But the most striking feature of this early age of mammals is that it was almost unbelievably hot, so hot that around 50 million years ago there were crocodiles, palm trees, and sand tiger sharks in the Arctic Circle. On the other side of the blue-green orb, in waters that today would surround Antarctica, sea-surface temperatures might have topped an unthinkable 86 degrees Fahrenheit, with near-tropical forests on Antarctica itself. There were perhaps even sprawling, febrile dead zones spanning the tropics, too hot even for animal or plant life of any sort.

“You put more CO2 in the atmosphere and you get more warming, that’s just super-simple physics that we figured out in the 19th century,” says David Naafs, an organic geochemist at the University of Bristol. “But exactly how much it will warm by the end of the century, we don’t know. Based on our research of these ancient climates, though, it’s probably more than we thought.”

Last week, Naafs and colleagues released a study in Nature Geoscience that reconstructs temperatures on land during this ancient high-CO2 hothouse of the late Paleocene and early Eocene epochs—the sweltering launch to the age of mammals. And the temperatures they unearthed are unsurprisingly scorching.

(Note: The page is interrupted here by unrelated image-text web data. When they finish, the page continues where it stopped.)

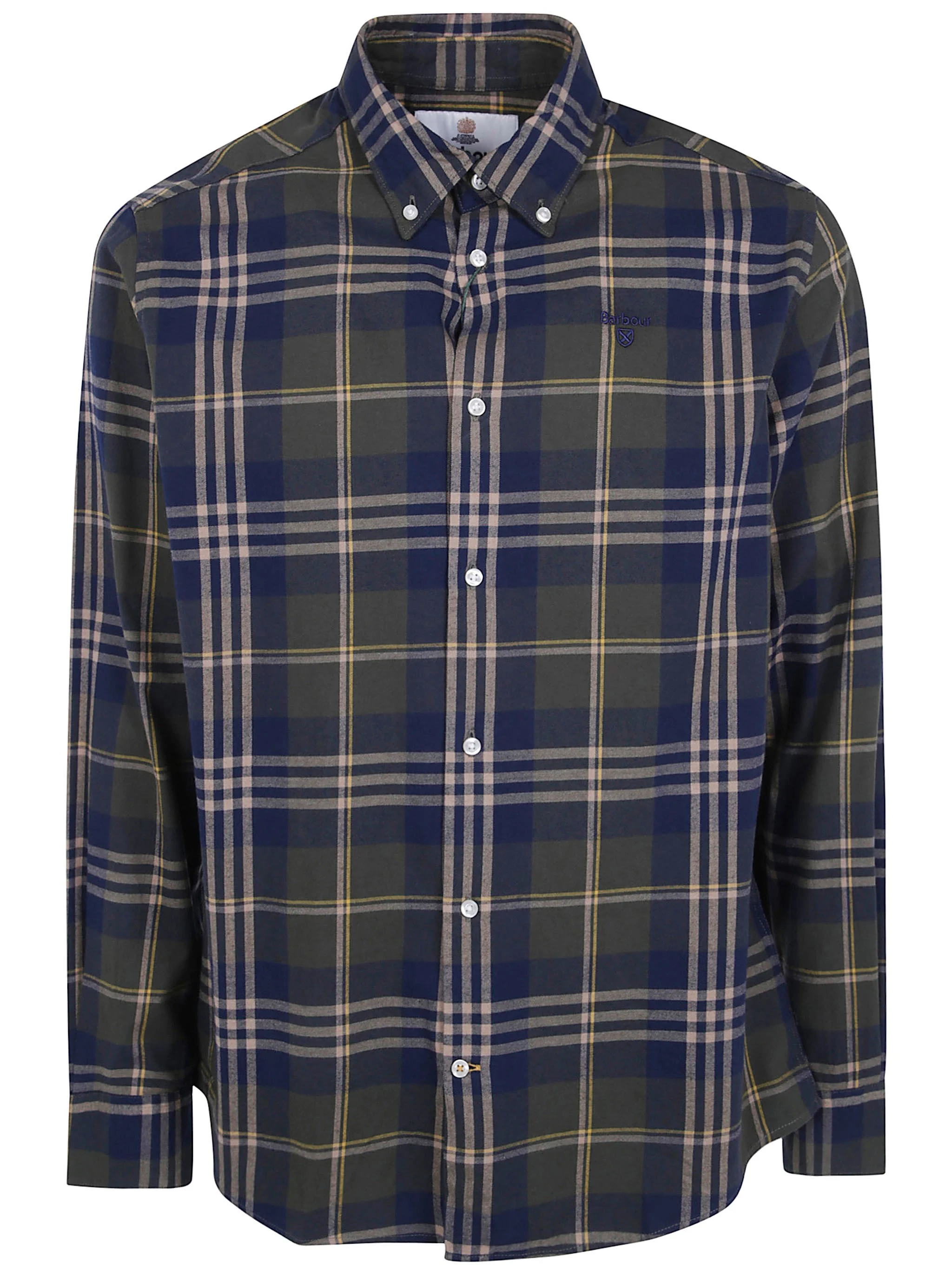 Shirt Tailored "Edgar" - 1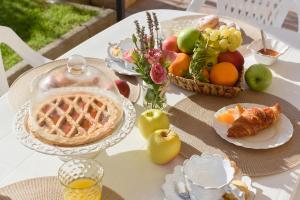 Villa Scarponi Assisi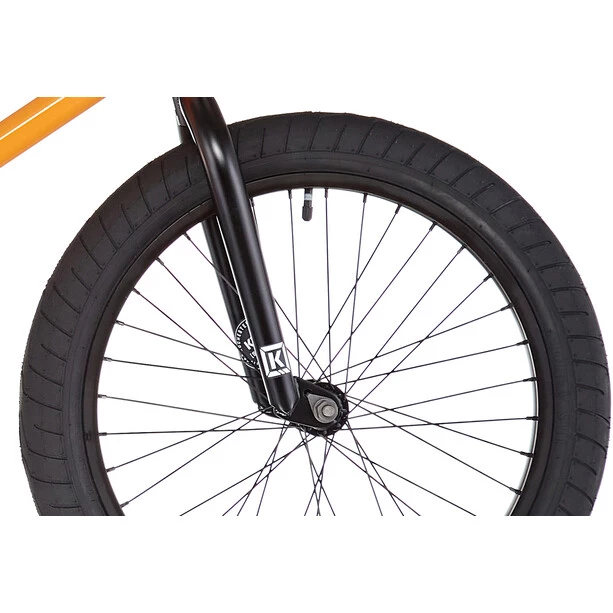 Kink-bmx BMX Gap, Orange 5 Kink-bmx BMX Gap, Orange – Image 3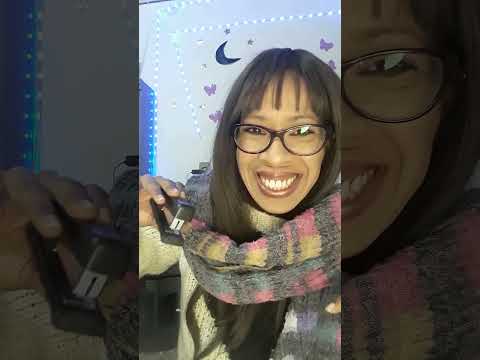 POV: fazendo sua sessão de fotos 📸 #asmr  #asmrpov #photography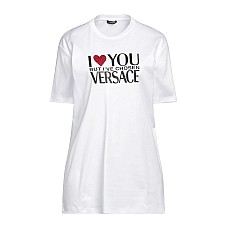 Футболки VERSACE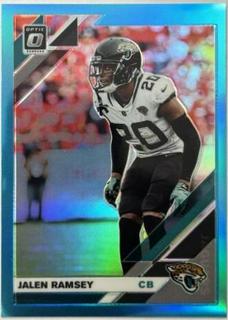 Jalen Ramsey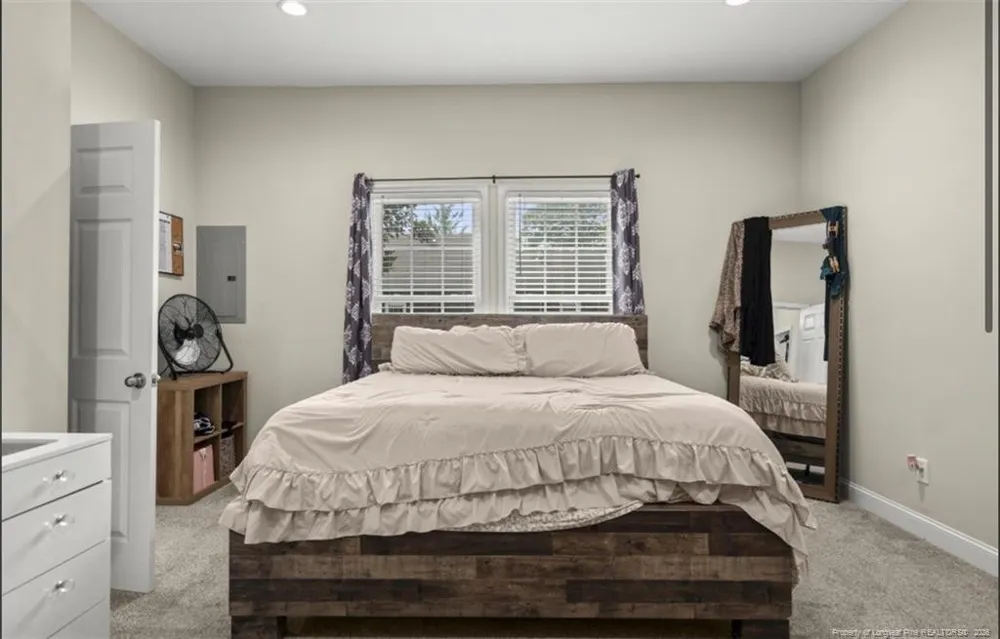 191 W Third Street Parkton, NC 28371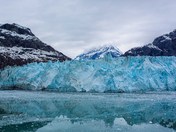 Glacier Bay National Park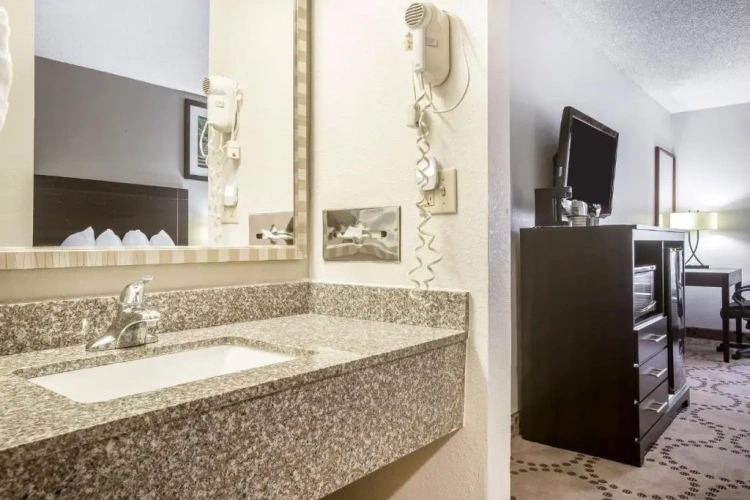 Superior Double Suite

To study Earth’s past, scientists need good rocks to study, and fortunately for geologists and fossil-fuel companies alike, the jungles and swamps of this early age of mammals left behind lots of coal. The Powder River Basin in the United States, for instance, is filled with fossil Paleocene swamplands that, when burned today, contribute about 10 percent of U.S. carbon emissions. Naafs’ team studied examples of lower-quality coals called lignites, or fossilized peat. They had been collected around the world (everywhere from open-pit coal mines in Germany to outcrops in New Zealand), and spanned the late-Paleocene and early-Eocene epochs, from around 56 to 48 million years ago. They were able to reverse engineer the ancient climate by analyzing temperature-sensitive structures of lipids produced by fossil bacteria and archaea living in these bygone wetlands, and preserved for all time in the coal. The team found that, under this past regime of high CO2, in the ancient U.K., Germany, and New Zealand, life endured mean annual temperatures of 23–29 degrees Celsius (73–84 degrees Fahrenheit) or 10–15 degrees Celsius (18–27 degrees Fahrenheit) warmer than modern times.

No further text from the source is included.